II.That God and Man are Intelligent
In order to prove that God is intelligent, I appeal to Saint Aquinas’ argument that all intelligent causes are caused by something intelligent, and God is the first cause of all things. Since there are many intelligent created beings found on earth, namely Man, God who created all these beings has to be intelligent. Also, the measure of how perfect a thing is by how far away it is from non-perfection. Since God has being in its totality, all non-being is removed from Him. All things imperfect must be caused by something perfect, therefore the first cause (God) must be most perfect. Since intelligence is a form of perfection, God is perfectly intelligent or perfect in understanding.
It is hardly contestable that Man is more intelligent than other created beings on earth, seeing how Man is the only animal that is able to create complex tools like machines and erect buildings made from complex materials. Therefore in this aspect, Man is far more the image of God than any other created being.
III.That God and Man Have Free Will
It will be fitting to use Plato’s discussion on the three parts of the soul to illustrate that Man has free will. Using the thought experiment of a thirsty man to illustrate this, a thirsty man naturally desires to drink water such that he may preserve himself. Yet if something holds the thirsty man back from drinking the water, such as the knowledge that the water is poisonous for example, the desire not to drink the water has to be caused by some other part of the man other than that which causes his thirst because the same part of the man cannot in the same relation do opposite things. This part of the man that holds the thirsty man back from drinking has to be the reasoning part within the man. The first part of the man with which he “loves and hungers and thirsts and flutters round the other desires, and is the companion of various indulgences and pleasures”, Plato calls the irrational and desiring part. The second reasoning part, Plato calls the rational part. A third part that Plato calls the spirit is that by which humans feel indignant.
One may contest that this third part is one and the same as the first. To illustrate the difference, the example of a man looking at dead bodies lying near the executioner was used. In this case, the man may feel a desire to look at the bodies, but at the same time feel disgust at the thought of them having been executed. Since the same part of the man cannot in the same relation do opposite things, the part of the man which feels disgust and that which feels a desire to look at the bodies differs. Instinctively, one would also know that the part which feels indignant must differ from the second rational part which is not responsible for emotion.
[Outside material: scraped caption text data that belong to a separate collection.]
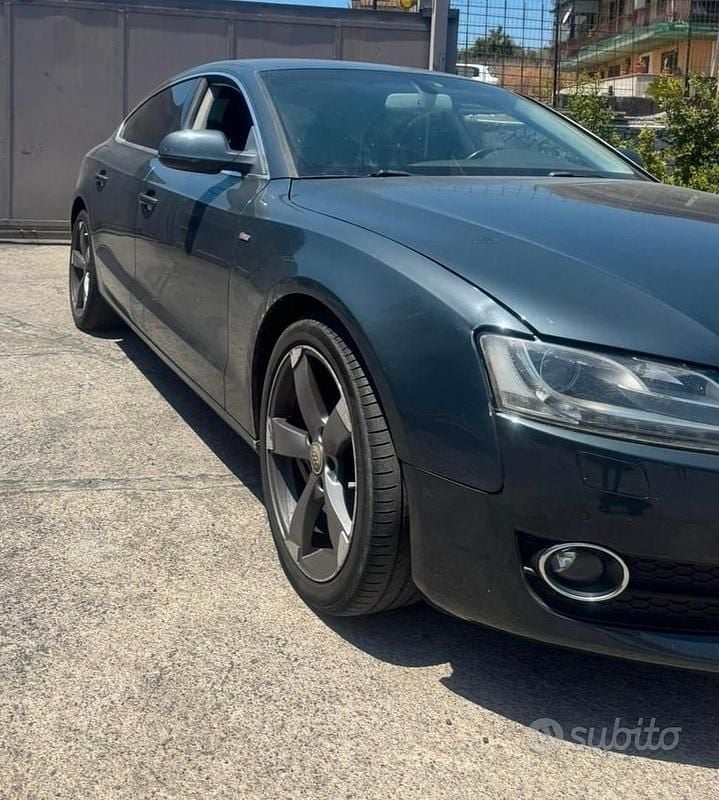 Grigio Usata 2010 Audi A5 S-Line Coupé | 6000 € (Super prezzo) - Immagine 1/4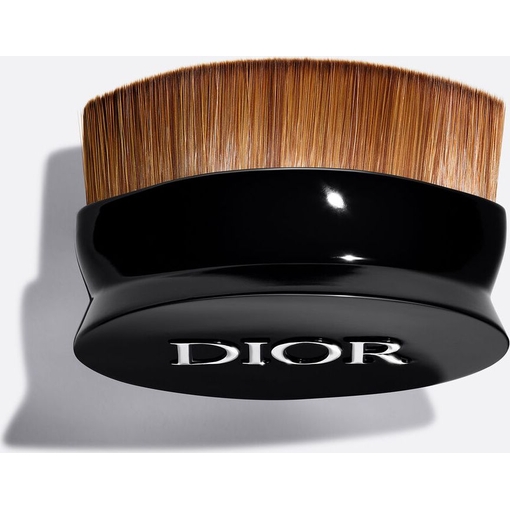 Product Dior Multi-Use Complexion Kabuki Makeup Brush 18 base image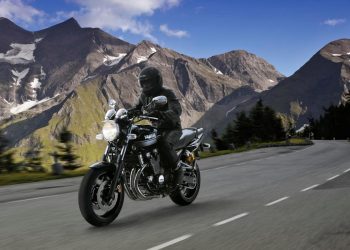 Мотоцикл Yamaha XJR 1300 2011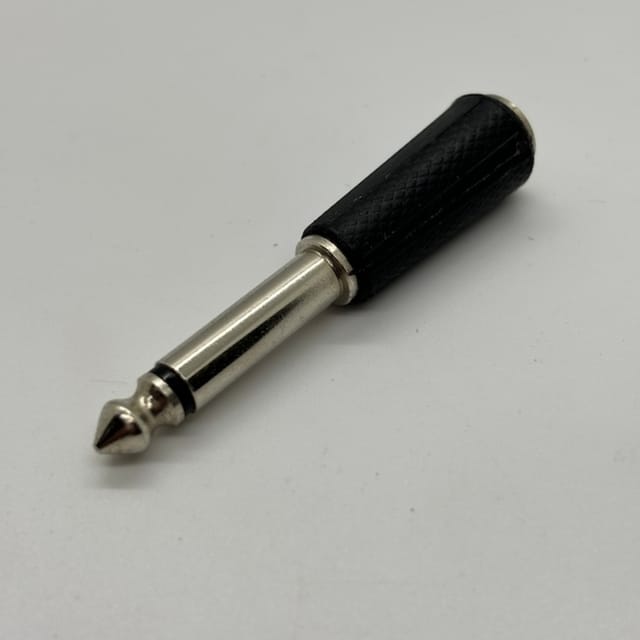 Compra ADAPTADOR PLUG 1/4" MONO A JACK MINIATURA MONO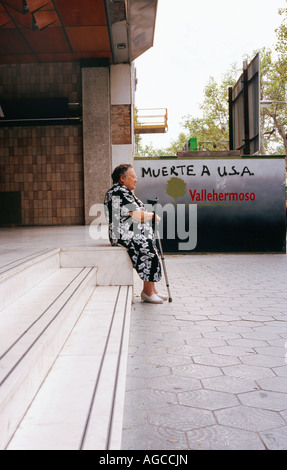 Reife Frau nimmt eine Pause oder wartet auf jemanden auf Einige Marmortreppen Stockfoto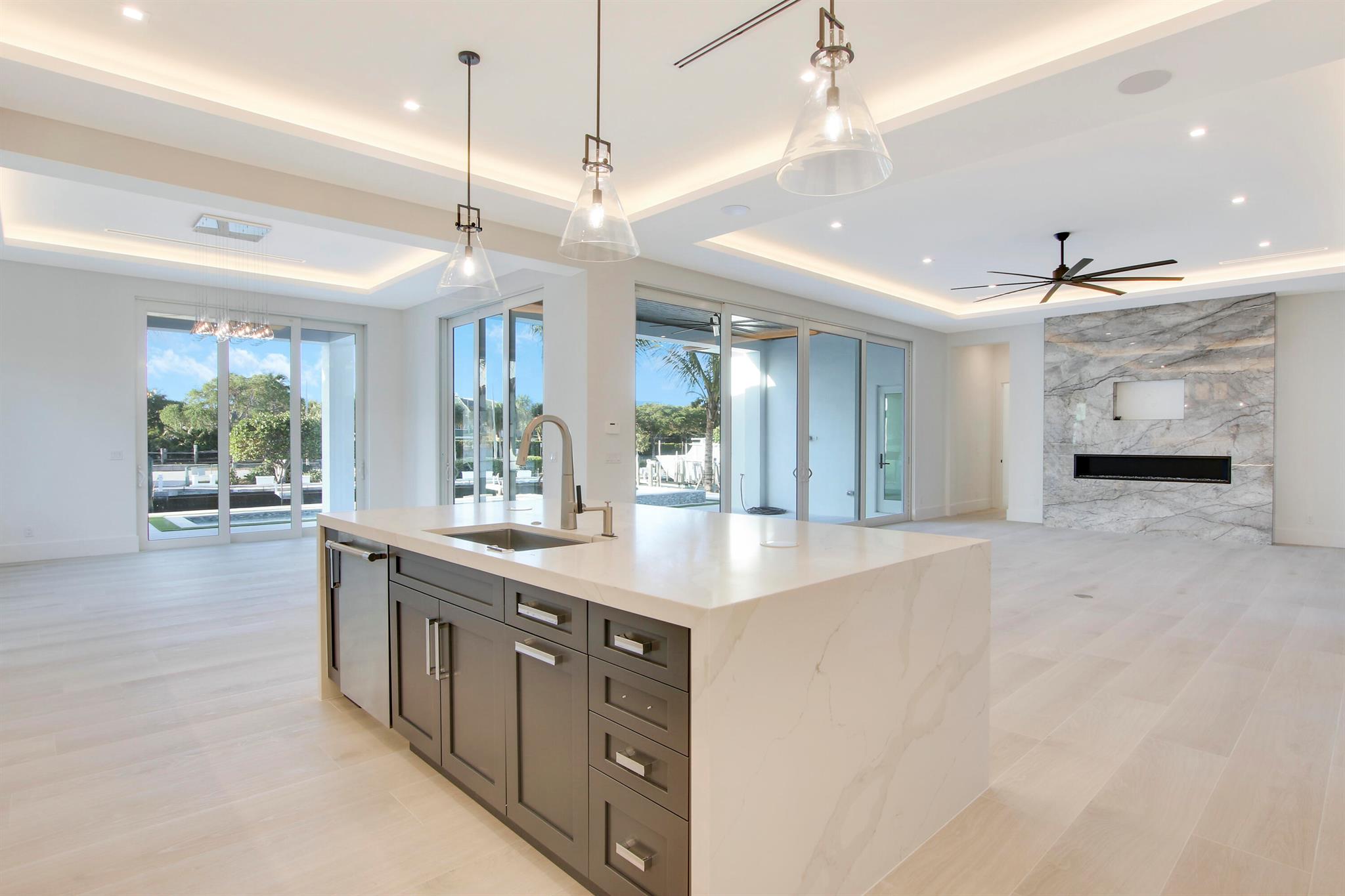 717 Harbour Point Drive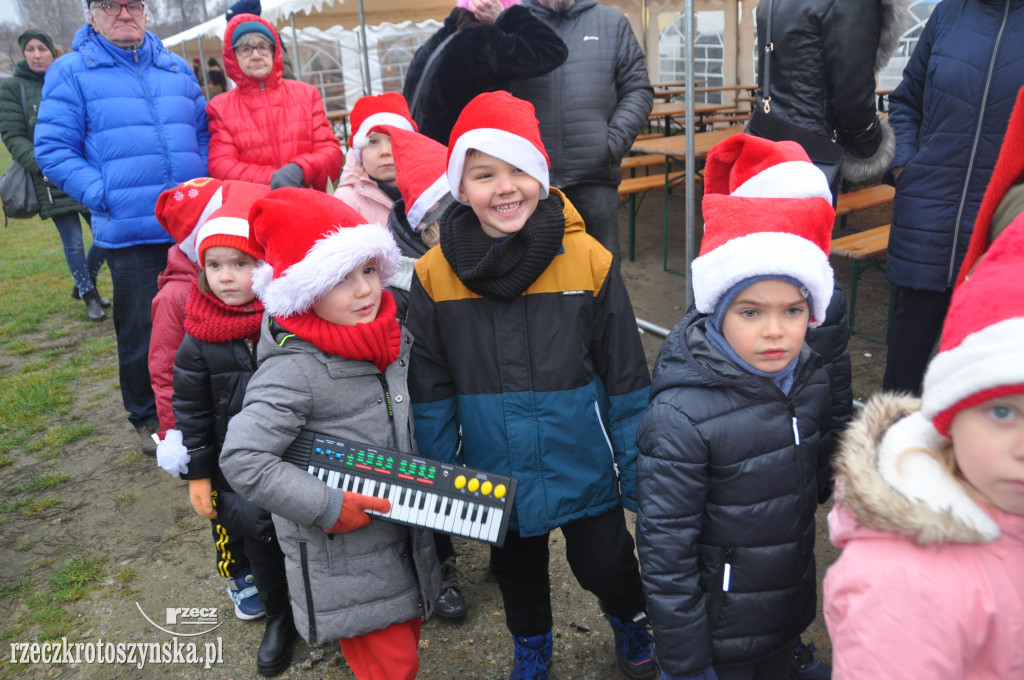 Świąteczny klimat na kiermaszu w Kobylinie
It can be derived form this discussion that the second part of the man refers to the rational will of Man, which is arises from his superior intelligence, otherwise called the free will of Man by this author. Since free will arises out of intelligence, God must also have free will since He is infinitely intelligent. Therefore in this way, Man is made in the image of God.
IV.That God and Man Love
I borrow the definition of love from Aquinas – that whoever loves wishes the good of the object loved. Also, it is requisite of true love that one is able to choose to love the good of another, inasmuch as it is his good. This implies that as love is essentially a choice. Accordingly, in order for a being to be able to love, it must have free will which in turn requires it to be highly intelligent.
To prove that there is love in God, I will rely once again on Aquinas. Aquinas wrote that the essential idea of love seems to be that the affection of one has with another being which is in some way in union with oneself. The greater the bond of union, the more intense is the love. The more intimate the bond of union is, the stronger the love is. That bond whereby all things are united with God, which all things are created by Him, is the greatest and most intimate of bonds. Therefore, that there is love in God is not only true, but also the love in God is most perfect and strong.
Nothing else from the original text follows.